* Exercise
Use the entries below and reproduce exactly the lines from the one containing "A modern hotel" down to the one containing "wysportowana dziewczyna z", both of them included.

* Exercise materials
---

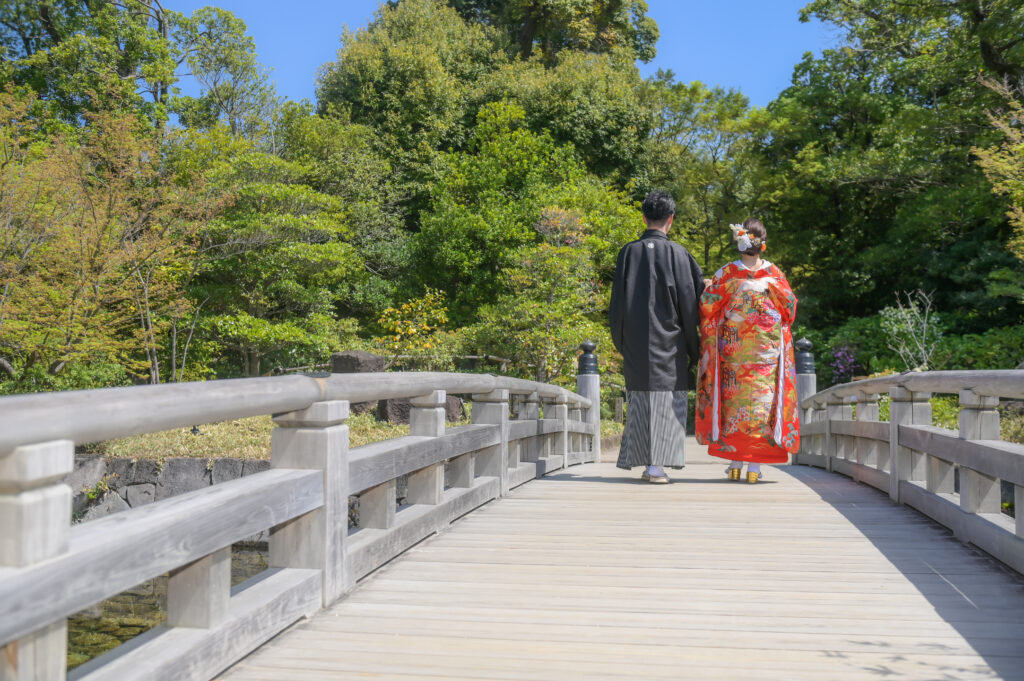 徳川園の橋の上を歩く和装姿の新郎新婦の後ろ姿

---

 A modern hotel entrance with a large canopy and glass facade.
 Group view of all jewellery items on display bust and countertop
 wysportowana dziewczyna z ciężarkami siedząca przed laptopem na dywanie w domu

---

* Exercise solution
 A modern hotel entrance with a large canopy and glass facade.
 Group view of all jewellery items on display bust and countertop
 wysportowana dziewczyna z ciężarkami siedząca przed laptopem na dywanie w domu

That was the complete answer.